Firefighter strike
A firefighter directs a fire engine back into the station before a strike in West Bromwich in 2013 Reuters

Firefighters across England have started a fresh 24-hour strike in a row over pensions.

The Fire Brigades Union (FBU) said the action follows the government's decision to commence the parliamentary procedure to implement regulations for an "unfair, unaffordable and unworkable" pension scheme.

"Firefighters in England are reluctantly calling further strike action today as a direct result of the Westminster government's failure to listen and negotiate over pensions," said Matt Wrack, the general secretary of the FBU.

"Firefighters are asking the Westminster government to immediately open genuine negotiations to resolve this dispute.

"They should also hold a House of Commons debate to fully scrutinise the legislation and there should be a parliamentary vote on the regulations."

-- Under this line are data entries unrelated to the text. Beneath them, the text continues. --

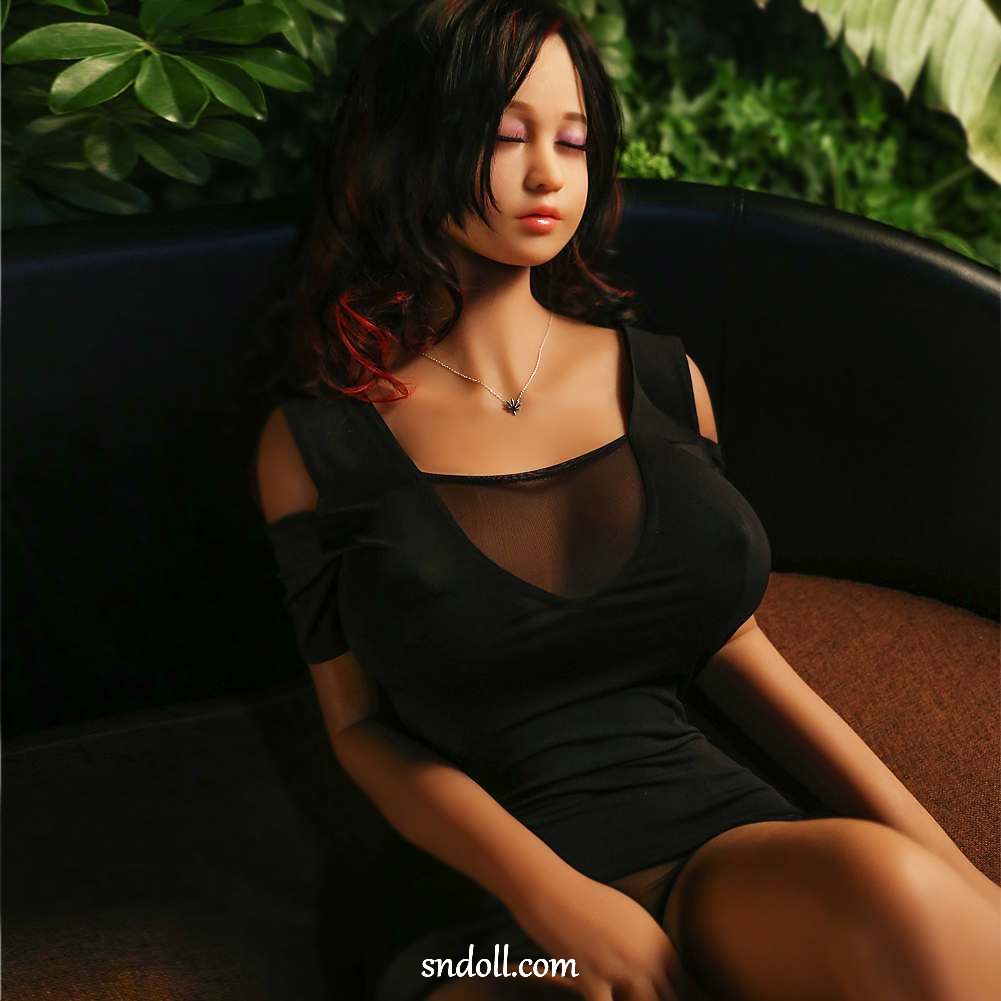 Hot Realistic Porn Star Sex Dolls - Ember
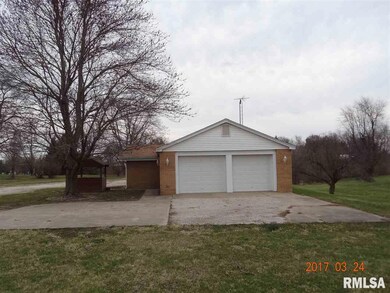 2506 N Taylor Rd, Hanna City, IL 61536 - photo 2
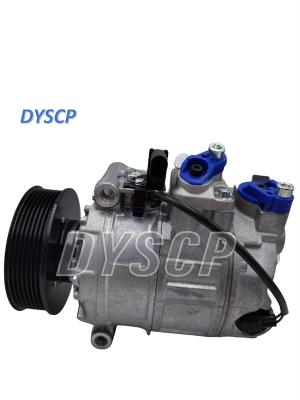 Cina 7L6820803S Compressore a cilindrata variabile per VW Touareg 6.0 4.2 7PK in vendita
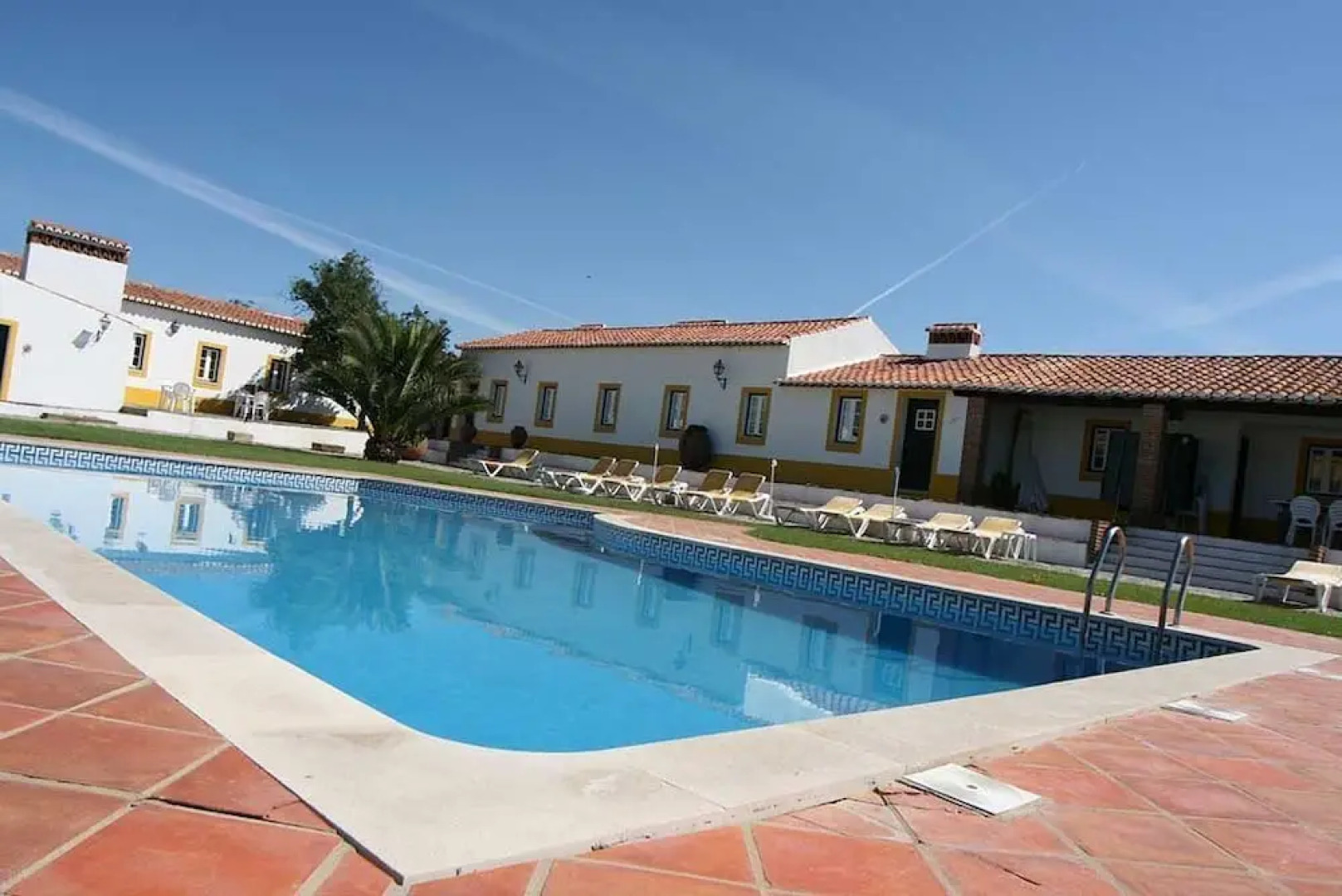 Quinta do Cabeçote-Turismo Rural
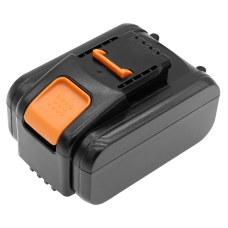 Kompatibler Ersatzakku für Worx WA3527,WA3539,WX156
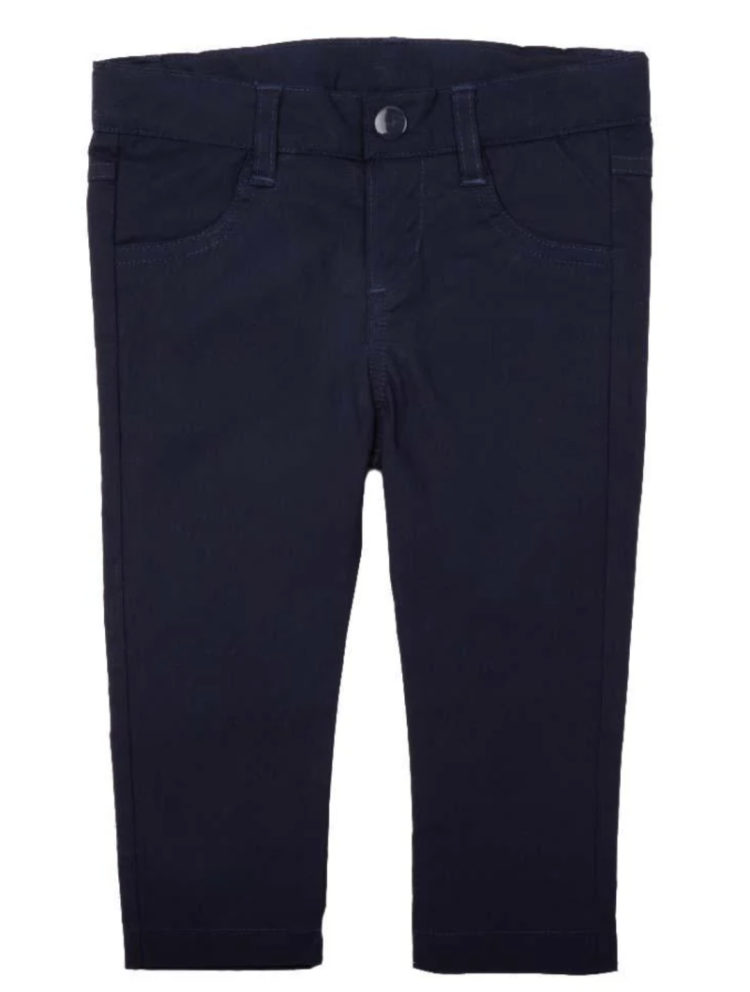 PANTS CHUCKY DARK BLUE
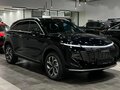 2026 Haval F7 II, чёрный - вид 5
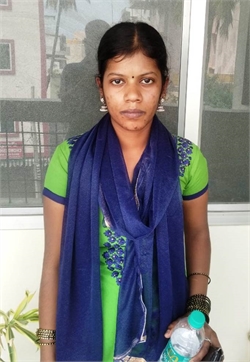Sharmila - Full time Cleaner and Cook in Koramangala in Bangalore Bengaluru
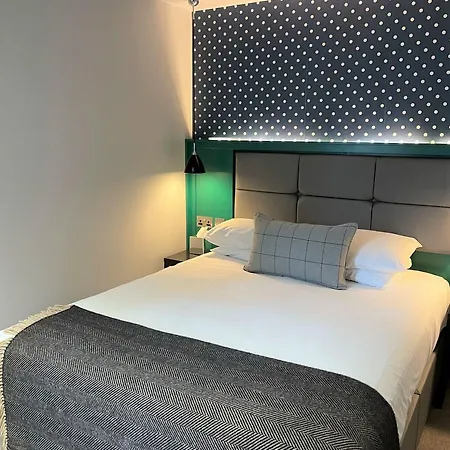 The Churchill Hotell York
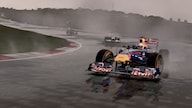 F1 2011 Steam Key GLOBAL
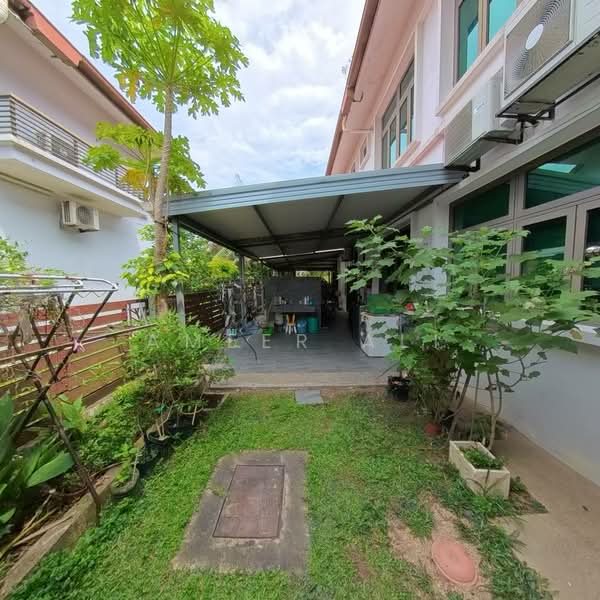 Bungalow for Sale in Bandar Kinrara (Selangor) - Ameer Ali - Exterior - PropertyGuru.com.my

The parties are locked into an ongoing dispute over a proposal from the government to increase the retirement age of firefighters from 55 to 60.

The Fire Minister Penny Mordaunt said the action, which started at 09.00 am, is "completely unnecessary" and that she was disappointed with the FBU.

"This strike action is completely unnecessary and we are disappointed by the FBU's decision, which does nothing but damage the good reputation of the fire and rescue service," Mordaunt said.

"The government has worked hard to give firefighters one of the most generous pensions in the public sector.

"The scheme that is currently before parliament provides greater ill-health and death benefits than the FBU's preferred approach and I believe that the approach we are using will be fairer on all, supporting those wishing to work longer – something absolutely essential if the firefighters' pension scheme is to remain sustainable."